Wednesday, August 18, 2010

Adventures in the Kitchen: Caramelizing White Chocolate

When I need some chocolate inspiration, I have a couple of places I like to turn. For baking, it’s Nick Malgieri. For decadent truffles, candies, and other treats, it’s Michael Recchiuti. And for detailed, illustrated narratives on any kind of process related to making any kind of chocolate creation, or really, any kind of delicious culinary creation, it’s David Lebovitz. His books are informative, and his website is a wealth of searchable information with a blog updated nearly every day.

One recipe I found there calls for caramelized white chocolate. While I haven’t decided whether or not to go with that recipe, I knew that I had to try this. Lebovitz details the process quite well in his post on white chocolate caramelization, but I’ll post some of my (less professional) pictures and discuss my experience here.

I started with about a pound of chopped white dark chocolate on a cookie sheet.

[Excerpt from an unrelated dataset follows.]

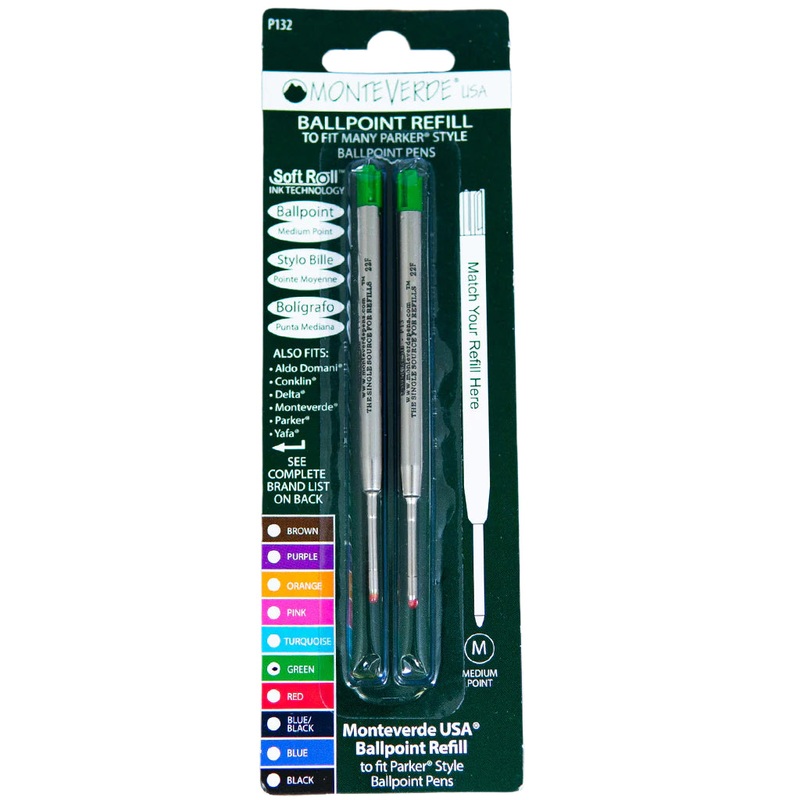 Parker Ballpoint Refill by Monteverde USA - Green Medium (2 ea)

This went into the oven, which I’d heated to 250° F, for ten minutes. It came out melted with some hints of caramelization at the edges.

I then stirred and redistributed the chocolate with a spatula. Lebovitz warned that, during the process, the chocolate may look lumpy, grainy, or worse, and he was right.

I popped it back in the oven for another ten minutes, stirred and distributed again, and put it back in for about five more minutes to get it just a tad darker.

I took it out when it had the color and consistency of natural peanut butter, per the instructions. I then added a pinch of sea salt, and set this aside for a use to be determined.

Amazingly, when cooled, the caramelized white chocolate is quite smooth, and the caramel flavor is very apparent. This could work very well in a mousse, or in a cake. Updates on the final disposition of this creation are forthcoming in a future post.